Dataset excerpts
- Opening Delimiter -

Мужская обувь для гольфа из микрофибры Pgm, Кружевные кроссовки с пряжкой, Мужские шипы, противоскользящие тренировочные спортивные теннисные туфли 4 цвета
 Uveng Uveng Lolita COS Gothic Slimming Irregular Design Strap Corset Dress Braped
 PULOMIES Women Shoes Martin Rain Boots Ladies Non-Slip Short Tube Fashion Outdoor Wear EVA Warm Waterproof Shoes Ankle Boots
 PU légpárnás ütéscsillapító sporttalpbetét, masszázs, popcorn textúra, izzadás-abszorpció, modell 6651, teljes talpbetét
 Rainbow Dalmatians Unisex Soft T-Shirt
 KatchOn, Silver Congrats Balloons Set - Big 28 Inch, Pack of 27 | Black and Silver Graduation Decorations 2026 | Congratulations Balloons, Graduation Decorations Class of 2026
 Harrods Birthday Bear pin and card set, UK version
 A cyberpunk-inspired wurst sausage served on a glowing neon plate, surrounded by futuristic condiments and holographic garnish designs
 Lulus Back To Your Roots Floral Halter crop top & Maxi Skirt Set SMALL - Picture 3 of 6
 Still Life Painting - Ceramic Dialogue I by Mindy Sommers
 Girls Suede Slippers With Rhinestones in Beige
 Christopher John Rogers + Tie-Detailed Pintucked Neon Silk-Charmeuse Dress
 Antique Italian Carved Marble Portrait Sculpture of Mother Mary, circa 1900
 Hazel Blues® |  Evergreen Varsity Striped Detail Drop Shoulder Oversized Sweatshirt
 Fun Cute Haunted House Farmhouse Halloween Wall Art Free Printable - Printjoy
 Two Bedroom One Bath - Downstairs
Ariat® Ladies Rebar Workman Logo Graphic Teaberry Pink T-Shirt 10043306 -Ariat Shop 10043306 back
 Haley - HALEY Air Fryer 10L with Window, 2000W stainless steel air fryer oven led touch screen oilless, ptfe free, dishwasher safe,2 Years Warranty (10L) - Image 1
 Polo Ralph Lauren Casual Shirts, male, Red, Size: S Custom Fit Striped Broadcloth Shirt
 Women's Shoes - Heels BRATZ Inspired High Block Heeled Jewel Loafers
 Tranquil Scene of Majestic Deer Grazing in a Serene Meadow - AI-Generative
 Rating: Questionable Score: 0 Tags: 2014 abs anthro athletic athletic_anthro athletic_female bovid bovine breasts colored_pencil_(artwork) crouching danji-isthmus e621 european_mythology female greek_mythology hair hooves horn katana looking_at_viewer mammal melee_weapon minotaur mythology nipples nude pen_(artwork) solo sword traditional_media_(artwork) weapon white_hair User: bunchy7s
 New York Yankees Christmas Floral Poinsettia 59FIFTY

- Closing Delimiter -

* [Required action]
Set the entries down again exactly, beginning with their first line and ending with the line that contains "Tranquil Scene of"; omit all other lines.

* [Result for this task]
Мужская обувь для гольфа из микрофибры Pgm, Кружевные кроссовки с пряжкой, Мужские шипы, противоскользящие тренировочные спортивные теннисные туфли 4 цвета
 Uveng Uveng Lolita COS Gothic Slimming Irregular Design Strap Corset Dress Braped
 PULOMIES Women Shoes Martin Rain Boots Ladies Non-Slip Short Tube Fashion Outdoor Wear EVA Warm Waterproof Shoes Ankle Boots
 PU légpárnás ütéscsillapító sporttalpbetét, masszázs, popcorn textúra, izzadás-abszorpció, modell 6651, teljes talpbetét
 Rainbow Dalmatians Unisex Soft T-Shirt
 KatchOn, Silver Congrats Balloons Set - Big 28 Inch, Pack of 27 | Black and Silver Graduation Decorations 2026 | Congratulations Balloons, Graduation Decorations Class of 2026
 Harrods Birthday Bear pin and card set, UK version
 A cyberpunk-inspired wurst sausage served on a glowing neon plate, surrounded by futuristic condiments and holographic garnish designs
 Lulus Back To Your Roots Floral Halter crop top & Maxi Skirt Set SMALL - Picture 3 of 6
 Still Life Painting - Ceramic Dialogue I by Mindy Sommers
 Girls Suede Slippers With Rhinestones in Beige
 Christopher John Rogers + Tie-Detailed Pintucked Neon Silk-Charmeuse Dress
 Antique Italian Carved Marble Portrait Sculpture of Mother Mary, circa 1900
 Hazel Blues® |  Evergreen Varsity Striped Detail Drop Shoulder Oversized Sweatshirt
 Fun Cute Haunted House Farmhouse Halloween Wall Art Free Printable - Printjoy
 Two Bedroom One Bath - Downstairs
Ariat® Ladies Rebar Workman Logo Graphic Teaberry Pink T-Shirt 10043306 -Ariat Shop 10043306 back
 Haley - HALEY Air Fryer 10L with Window, 2000W stainless steel air fryer oven led touch screen oilless, ptfe free, dishwasher safe,2 Years Warranty (10L) - Image 1
 Polo Ralph Lauren Casual Shirts, male, Red, Size: S Custom Fit Striped Broadcloth Shirt
 Women's Shoes - Heels BRATZ Inspired High Block Heeled Jewel Loafers
 Tranquil Scene of Majestic Deer Grazing in a Serene Meadow - AI-Generative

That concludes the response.